Problem description → Check every line below for the string "Designs". Copy the ones that have it.

Entries supplied →
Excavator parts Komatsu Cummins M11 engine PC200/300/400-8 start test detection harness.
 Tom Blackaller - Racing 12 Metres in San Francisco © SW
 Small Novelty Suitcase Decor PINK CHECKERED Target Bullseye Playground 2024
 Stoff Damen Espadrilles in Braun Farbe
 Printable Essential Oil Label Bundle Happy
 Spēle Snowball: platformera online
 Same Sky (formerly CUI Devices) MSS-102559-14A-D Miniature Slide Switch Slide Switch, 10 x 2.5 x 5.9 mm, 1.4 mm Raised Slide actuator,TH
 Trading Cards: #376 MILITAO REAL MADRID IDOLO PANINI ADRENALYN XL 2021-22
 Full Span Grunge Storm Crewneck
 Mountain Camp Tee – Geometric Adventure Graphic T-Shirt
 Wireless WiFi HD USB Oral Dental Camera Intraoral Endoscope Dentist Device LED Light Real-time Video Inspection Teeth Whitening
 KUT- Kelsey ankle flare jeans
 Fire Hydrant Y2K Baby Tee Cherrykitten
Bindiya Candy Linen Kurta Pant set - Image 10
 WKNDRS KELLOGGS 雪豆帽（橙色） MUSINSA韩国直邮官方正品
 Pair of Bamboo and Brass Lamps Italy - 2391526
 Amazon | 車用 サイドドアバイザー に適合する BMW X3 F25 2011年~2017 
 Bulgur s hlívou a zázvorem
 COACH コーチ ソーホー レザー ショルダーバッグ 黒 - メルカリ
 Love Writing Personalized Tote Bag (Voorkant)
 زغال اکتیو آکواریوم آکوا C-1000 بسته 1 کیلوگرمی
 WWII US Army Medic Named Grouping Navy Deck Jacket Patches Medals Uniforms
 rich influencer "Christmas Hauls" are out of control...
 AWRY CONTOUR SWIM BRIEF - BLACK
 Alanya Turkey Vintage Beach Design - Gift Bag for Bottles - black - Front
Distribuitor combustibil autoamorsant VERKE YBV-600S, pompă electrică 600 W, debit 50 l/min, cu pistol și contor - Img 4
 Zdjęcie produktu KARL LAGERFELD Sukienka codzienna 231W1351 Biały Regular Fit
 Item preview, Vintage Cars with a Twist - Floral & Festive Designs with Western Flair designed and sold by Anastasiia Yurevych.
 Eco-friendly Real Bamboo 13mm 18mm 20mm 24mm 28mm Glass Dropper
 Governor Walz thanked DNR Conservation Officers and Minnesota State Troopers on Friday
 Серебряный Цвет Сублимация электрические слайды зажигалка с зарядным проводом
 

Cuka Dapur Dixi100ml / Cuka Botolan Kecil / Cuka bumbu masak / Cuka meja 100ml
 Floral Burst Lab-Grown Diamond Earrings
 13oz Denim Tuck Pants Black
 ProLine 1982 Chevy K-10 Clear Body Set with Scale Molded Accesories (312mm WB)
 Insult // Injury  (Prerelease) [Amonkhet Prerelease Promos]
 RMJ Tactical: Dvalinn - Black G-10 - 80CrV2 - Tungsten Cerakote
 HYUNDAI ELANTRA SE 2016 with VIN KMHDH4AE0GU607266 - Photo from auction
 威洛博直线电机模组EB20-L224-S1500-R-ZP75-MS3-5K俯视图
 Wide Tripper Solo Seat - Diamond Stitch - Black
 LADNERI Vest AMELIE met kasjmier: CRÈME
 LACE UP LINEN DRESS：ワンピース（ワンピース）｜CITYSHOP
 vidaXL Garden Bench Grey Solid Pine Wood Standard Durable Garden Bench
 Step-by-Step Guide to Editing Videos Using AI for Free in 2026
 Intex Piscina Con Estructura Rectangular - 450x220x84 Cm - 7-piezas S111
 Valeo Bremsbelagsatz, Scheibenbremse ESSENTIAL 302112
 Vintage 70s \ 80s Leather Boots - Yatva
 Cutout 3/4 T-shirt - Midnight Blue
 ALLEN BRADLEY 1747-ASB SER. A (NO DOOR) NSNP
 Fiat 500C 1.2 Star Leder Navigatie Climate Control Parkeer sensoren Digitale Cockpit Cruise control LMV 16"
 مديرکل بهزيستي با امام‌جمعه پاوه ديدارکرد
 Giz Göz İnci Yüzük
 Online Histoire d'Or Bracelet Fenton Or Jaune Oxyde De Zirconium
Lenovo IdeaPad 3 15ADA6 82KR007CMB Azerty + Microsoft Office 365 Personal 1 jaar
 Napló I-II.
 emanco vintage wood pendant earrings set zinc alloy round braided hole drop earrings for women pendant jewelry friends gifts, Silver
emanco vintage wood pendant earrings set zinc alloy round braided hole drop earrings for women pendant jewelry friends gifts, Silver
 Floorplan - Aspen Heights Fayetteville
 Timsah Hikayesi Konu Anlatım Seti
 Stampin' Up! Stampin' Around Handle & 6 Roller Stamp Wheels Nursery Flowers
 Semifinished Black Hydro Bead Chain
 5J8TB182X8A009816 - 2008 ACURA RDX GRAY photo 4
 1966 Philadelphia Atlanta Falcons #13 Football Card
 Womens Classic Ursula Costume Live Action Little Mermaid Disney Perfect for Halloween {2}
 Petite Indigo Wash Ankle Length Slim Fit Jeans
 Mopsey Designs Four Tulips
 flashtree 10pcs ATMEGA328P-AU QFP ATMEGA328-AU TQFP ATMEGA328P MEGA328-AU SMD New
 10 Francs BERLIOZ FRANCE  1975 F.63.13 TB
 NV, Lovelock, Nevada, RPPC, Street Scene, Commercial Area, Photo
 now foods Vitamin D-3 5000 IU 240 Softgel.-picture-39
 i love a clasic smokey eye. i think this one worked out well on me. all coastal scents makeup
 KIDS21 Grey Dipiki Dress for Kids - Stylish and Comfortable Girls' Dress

Written response →
 Item preview, Vintage Cars with a Twist - Floral & Festive Designs with Western Flair designed and sold by Anastasiia Yurevych.
 Mopsey Designs Four Tulips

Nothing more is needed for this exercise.